__Available records__.
>>>

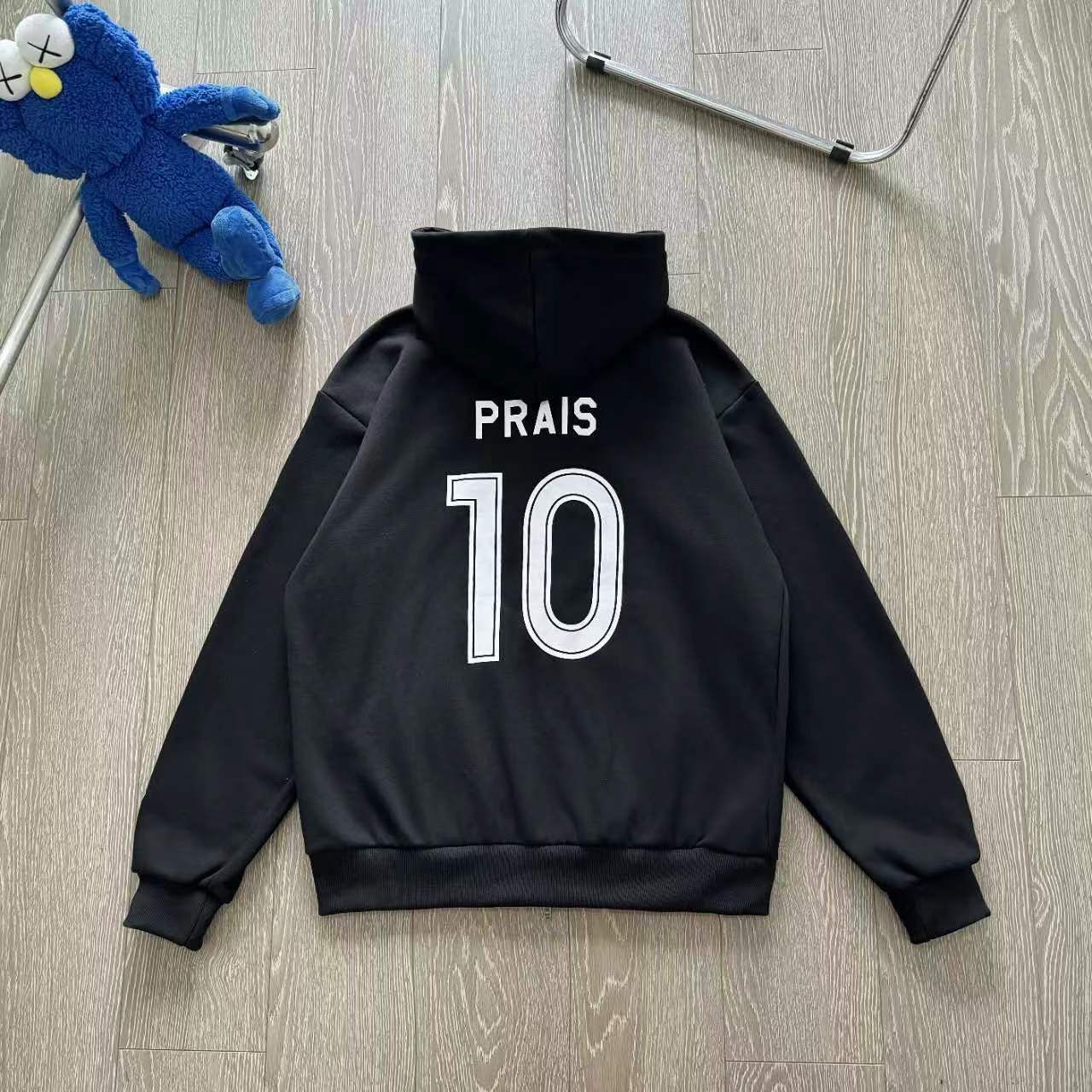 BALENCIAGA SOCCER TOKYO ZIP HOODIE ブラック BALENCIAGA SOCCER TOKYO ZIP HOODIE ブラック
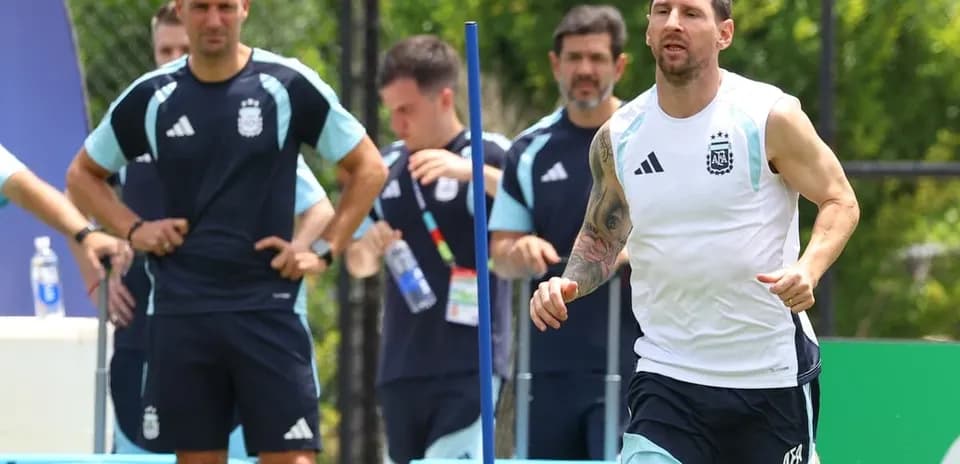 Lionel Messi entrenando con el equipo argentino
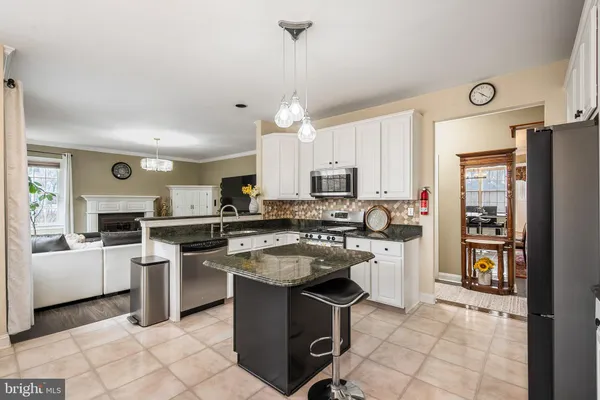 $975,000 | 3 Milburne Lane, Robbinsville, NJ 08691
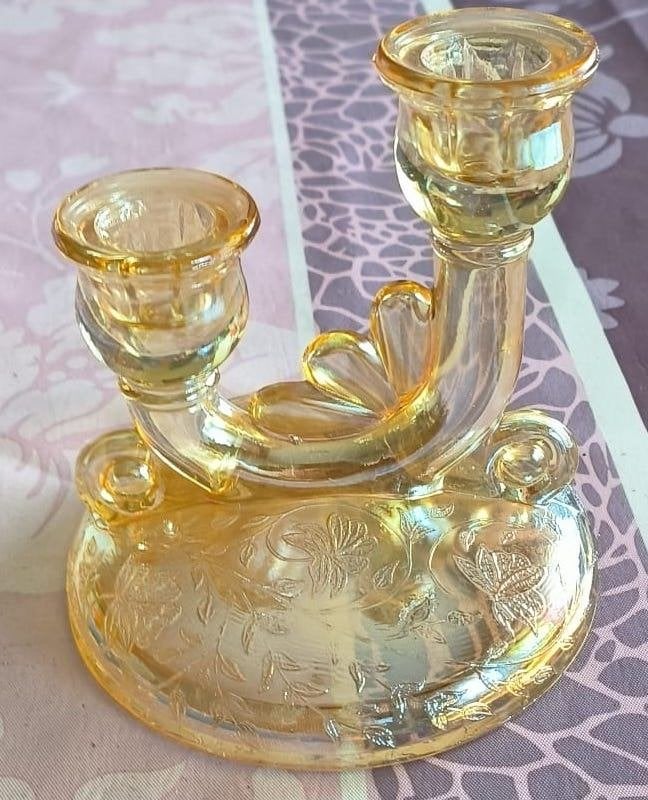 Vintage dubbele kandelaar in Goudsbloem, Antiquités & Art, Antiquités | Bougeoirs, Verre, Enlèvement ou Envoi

<<<
>>>

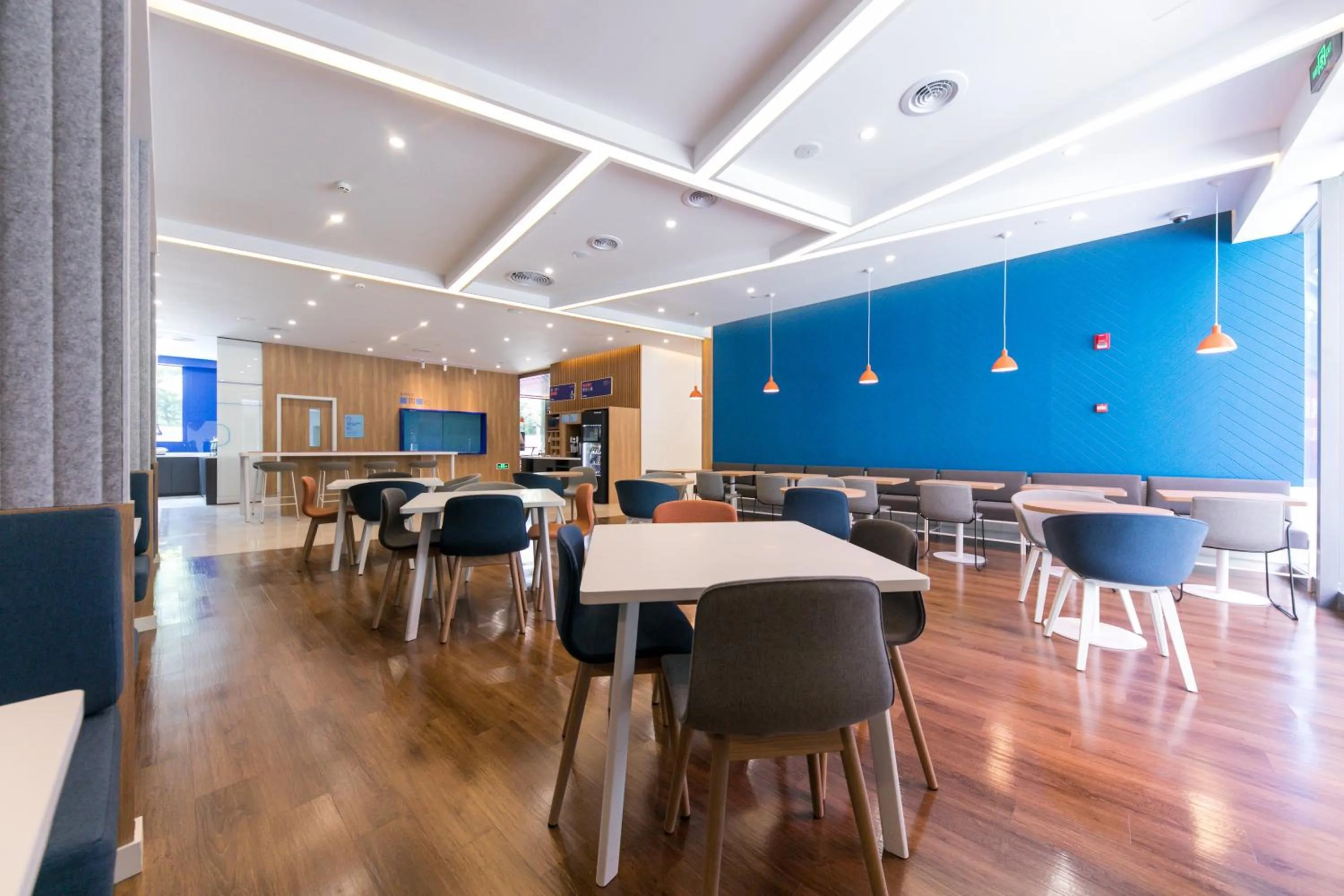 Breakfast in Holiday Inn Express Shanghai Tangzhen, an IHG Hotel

<<<

__What the exercise asks__.
Give exactly the lines above that run from the line with "BALENCIAGA SOCCER TOKYO ZIP HOODIE ブラック BALENCIAGA" to the line with "Vintage dubbele kandelaar", both included, leaving every picture out.

__Result of the task__.
 BALENCIAGA SOCCER TOKYO ZIP HOODIE ブラック BALENCIAGA SOCCER TOKYO ZIP HOODIE ブラック
 Lionel Messi entrenando con el equipo argentino
 $975,000 | 3 Milburne Lane, Robbinsville, NJ 08691
 Vintage dubbele kandelaar in Goudsbloem, Antiquités & Art, Antiquités | Bougeoirs, Verre, Enlèvement ou Envoi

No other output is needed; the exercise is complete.